CI enforcement

Continuous Integration (CI) is not optional in Strata. It is the mechanism that enforces truth.

Every commit, in every language, is validated against the same immutable rules.

If CI fails, the change does not exist.


Why CI is mandatory

Strata makes strong guarantees:

  • Canonical encoding

  • Stable hashing

  • Cross-language determinism

  • Explicit failure semantics

These guarantees are meaningless without automated enforcement.

CI is the system that ensures no regression ever ships.


What CI enforces

CI enforces all of the following, on every pull request and push:

  • Golden vector correctness

  • Semantic correctness

  • Negative failure behavior

  • Cross-language parity

  • Northstar guarantees

No human review can override this.


Golden vector enforcement

CI runs tests that:

  • Encode Strata Text vectors

  • Compare produced .scb bytes exactly

  • Compare produced hashes exactly

  • Reject any deviation

Vectors are loaded directly from the /vectors directory.

If an implementation disagrees with vectors, the implementation is wrong.


Positive vector enforcement

CI verifies that:

  • Valid inputs parse successfully

  • Valid values encode canonically

  • Valid hashes match expected outputs

  • Roundtrips preserve structure

These tests ensure normal behavior is correct.


Negative vector enforcement

CI verifies failure behavior.

For malformed inputs, tests assert:

  • The exact error kind

  • The exact byte offset

  • The exact failure mode

Silently accepting invalid data is forbidden.

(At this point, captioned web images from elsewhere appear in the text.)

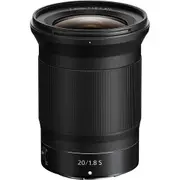 Nikon NIKKOR Z 20mm f/1.8 S Lens (Z-Mount)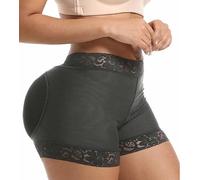 Jengo Butt Pads Shapewear Knickers Fake Butt Padded Underwear Butt Lifter Pants Butt Lift Big Butt Enhancing Hip Dip Padded Panties (Black, L)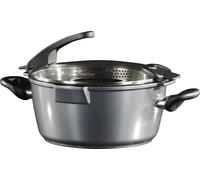 STONELINE® FUTURE casserole 24 cm | avec couvercle en verre et passoire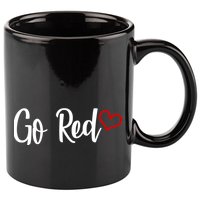 Go Red Heart Health Awareness Logo 11oz C Handle Ceramic Mug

Semantic vector enforcement

CI enforces semantic correctness by asserting that:

  • Equivalent syntax produces identical values

  • Ordering differences normalize correctly

  • Shorthand syntax resolves deterministically

  • Duplicate keys follow defined overwrite rules

Parsing behavior is locked down permanently.


Northstar enforcement

CI runs Northstar tests as independent pipelines.

Each Northstar tier validates a stronger guarantee:

  • T1: Canonical bytes survive structured wire transfer

  • T2: Raw bytes survive unstructured transport

  • T3: Framed streaming does not mutate payloads

If any Northstar test fails, the build fails.


Cross-language CI matrix

CI runs independently for:

  • Rust implementation

  • JavaScript implementation

  • Northstar wire tests (Rust ↔ JS)

All implementations must pass against the same vectors.

There is no “reference implementation” exemption.


No conditional skips

CI does not allow:

  • Ignoring failing tests

  • Skipping vector checks

  • Allowing warnings for determinism failures

Any failure is a hard stop.


Versioned enforcement

CI is version-aware.

  • Existing vectors must always pass

  • New vectors may only be added with a new Northstar

  • Old vectors are never removed or altered

Breaking changes require explicit version bumps and documentation.


Human role in CI

Humans may:

  • Propose changes

  • Add new vectors

  • Define new Northstars

Humans may not:

  • Override CI failures

  • Redefine existing vector meaning

  • Merge failing code

CI is final.


Summary

CI is the guardian of Strata’s guarantees.

  • Code can lie

  • Documentation can drift

  • Humans can make mistakes

CI does not.

If CI passes, the change is valid. If CI fails, the change does not exist.